The Energizer headlamp I looked at definitely had a Rebel emitter in it. 

It was a 3-mode kind of deal, that appeared to have the Rebel as a primary source, a couple 5mm leds for a "flood" mode, and a couple 5mm red leds for a "night vision" mode. 

Definitely a nifty looking light, but a little bulky for my tastes.


----------



## Marduke (Feb 14, 2008)

Sure it wasn't the older Lux I model they sell?
http://data.energizer.com/PDFs/HD5L33AE.PDF


----------



## kevinm (Feb 14, 2008)

It's not. I bought one last night. It's bright, but the beam is not so pretty. For the price, it's pretty good. As the claims on the package are the same as the Lux1 model, I'd assume the drive level is the same. it looked like 70-80 lumens.

Kevin


----------



## degarb (Feb 14, 2008)

Was the beam yellow and ringy? Perhaps due to a rebel in lux1 clothing?

What is the exact model number please?


----------



## JohnR66 (Feb 14, 2008)

mchlwise, thanks for confirming that it is a Rebel light. It is nice to see Cree XR-Es and Rebels appearing flashlights in the department stores now. Just this week I see XR-Es in two Colman lanterns at WalMart and Target and now this Rebel based head lamp. I think this year these high output LEDs will make their debut in many more "ordinary" (to us anyway) flashlights.

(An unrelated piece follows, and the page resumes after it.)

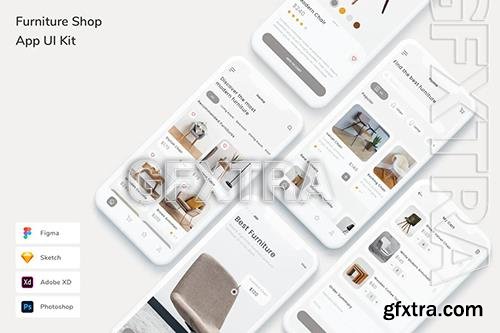 Furniture Shop App UI Kit 8R8VYKE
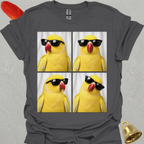 Lutino Indian Ringneck Photobooth T-Shirt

My wallet will be thin this year. I'm going to try out this headlamp.


----------



## matrixshaman (Feb 14, 2008)

I've seen Energizer use Nichia - which is a smaller LED but I am going to doubt they are using a Rebel until I see it with my own eyes. I looked through the Energizer web site and see nothing that looks like it could be a Rebel. The one Energizer headlamp I have is probably a Luxeon I or III. Someone get a pic or prove me wrong and I'll be on the way to buy one.


----------



## degarb (Feb 15, 2008)

I have a 1 watt 40 lumen Nichia. The beam is very purple or blue. My one watt 70 lumen rebel is very yello and ringy. Being yellow, it doesn't appear nearly as bright as my 80 lumen Cree. That is, unless I look through a white sheet of paper and shine all lights exactly up from a table onto the paper from a few inches; then, each light corresponds to my perceptions to the lumen rating on package.


----------



## JohnR66 (Feb 15, 2008)

matrixshaman said:


> I've seen Energizer use Nichia - which is a smaller LED but I am going to doubt they are using a Rebel until I see it with my own eyes. I looked through the Energizer web site and see nothing that looks like it could be a Rebel. The one Energizer headlamp I have is probably a Luxeon I or III. Someone get a pic or prove me wrong and I'll be on the way to buy one.


 
I could not find this on the site either. I plan to pick one up this evening and I can get some photos of it.


----------



## matrixshaman (Feb 15, 2008)

If it is a Rebel let's hope it's not one of the recall Rebels that have about a 24 hour average life.


----------



## mchlwise (Feb 15, 2008)

matrixshaman said:


> If it is a Rebel let's hope it's not one of the recall Rebels that have about a 24 hour average life.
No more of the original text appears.